Wunsiedel - Namen sind Schall und Rauch. Krapp heißt der Greis. Aber der Name fällt nie. Schriftsteller war er einst - oder wollte er mal werden -, doch die Jahre haben so etwas wie einen Clown aus ihm gemacht. Krapp kann damit leben.

Schall und Rauch: Es mag Zufall sein, dass ein Künstler, der Altmann heißt, den alten Mann spielt. Michael Altmann, 71 Jahre: Auf der Wunsiedler Naturbühne wirkt er zurzeit im Volksstück "Glaube und Heimat" mit; am Mittwoch eröffnete er als Krapp in Samuel Becketts "Das letzte Band" viel beklatscht die Reihe "Luisenburg-Xtra" im recht gut besuchten Museumshof. Ein Monodrama - siebzig Minuten lang agiert er allein auf kleiner Bühne.

Denn Krapp lebt nur mit sich. Aber er schweigt sich nicht an. Er pflegt Austausch mit seinen Erinnerungen. Die hat er, der Schriftsteller, der vielleicht nie einer war und längst keiner mehr ist, statt in Tagebüchern auf Tonbändern gespeichert. In sie hört er sich, wenn's ihm einfällt, hinein. Bis es ihm einfällt, zaubert er Bananen aus der Tischschublade und aus der Schale hinein in die Westentasche und in den Mund. Die Zähne fehlen, aber Bananen kann er noch beißen. Auch sonst fehlt manches: alles, was irgendwie mit properer Lebensführung, Kultiviertheit, bildungsbürgerlicher Politur zu tun hat. Und es fehlen Erlebnisse. Jahrzehnte liegen die letzten zurück: der Tod der Mutter; oder, mit einer nackten Geliebten auf schaukelndem Wasser, ein paar poetische Momente, die das Tonband freilich, beim dritten Anhören, "hoffnungslos und verfehlt" als "Abschied von der Liebe" entlarvt.

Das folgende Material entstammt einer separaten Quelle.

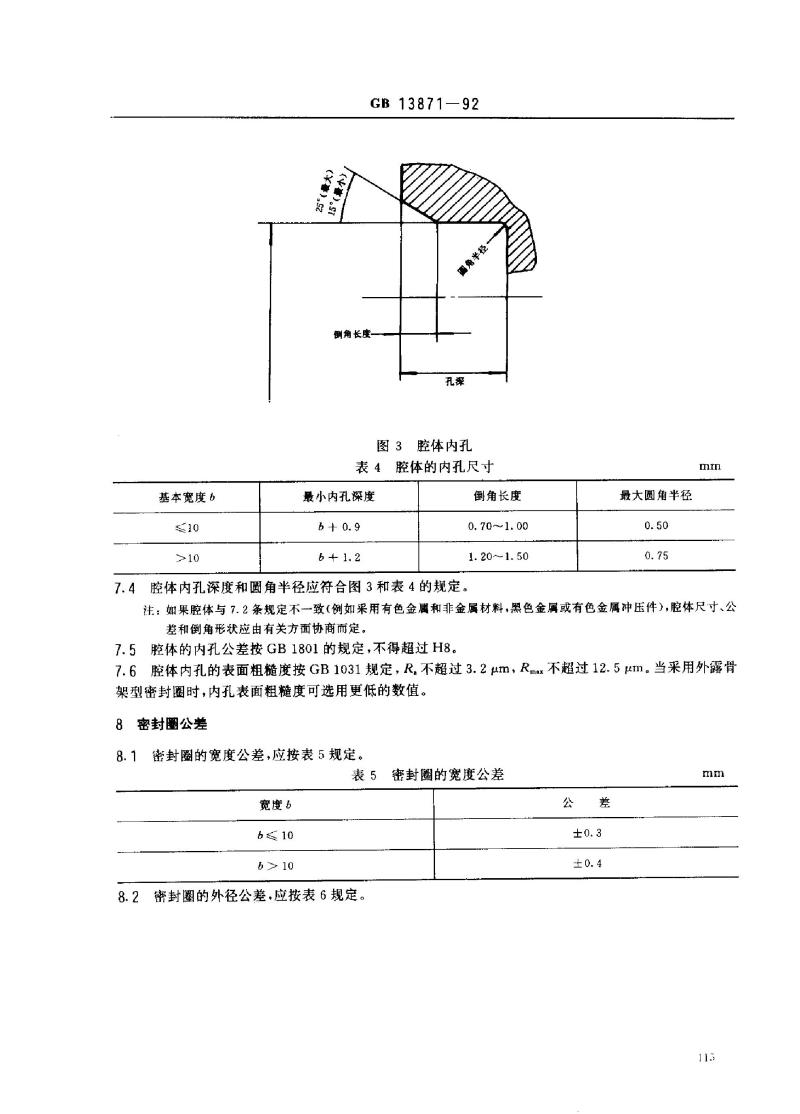 GB 13871-1992 旋转轴唇形密封圈基本尺寸和公差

Krapp, ein in Nichts aufgelöstes Individuum, verfügt über ein Gedächtnis, für das er einer Maschine bedarf; ihr hört er wie einem Fremden, Anderen zu; aber da ist niemand, nur er selbst: Er ist Niemand. Und die Worte sind nichts: Längst haben sie den Geist aufgegeben. "Spuuuuuule": Laute Laute jaulend, versagt Krapp ihnen den Sinn. Als er sein letztes Band bespricht, nimmt er für Augenblicke versehentlich sogar sein Schweigen auf.

Eine Clownstype mit zerzausten Haaren und einem Hemd, das ihm schlampig aus Bund und Schlitz der schäbigen Hose hängt. Was könnte an so einem zum Lachen sein? Michael Altmann gibt den Krapp nicht als lächerlichen Loser der Schadenfreude preis. Er zeigt, was das Dasein von ihm übrig ließ - eine traurige Gestalt, lustig aufgebrochen mit Mitteln des Komödiantentums, der simplen Komik gar, wenn er mit zwei speichelfeuchten Fingern untersucht, ob denn Spannung auf der Steckdose sei. Gruseln lässt Altmann einen vor Krapps grotesken Zügen und lachen über seine Ungeheuerlichkeit.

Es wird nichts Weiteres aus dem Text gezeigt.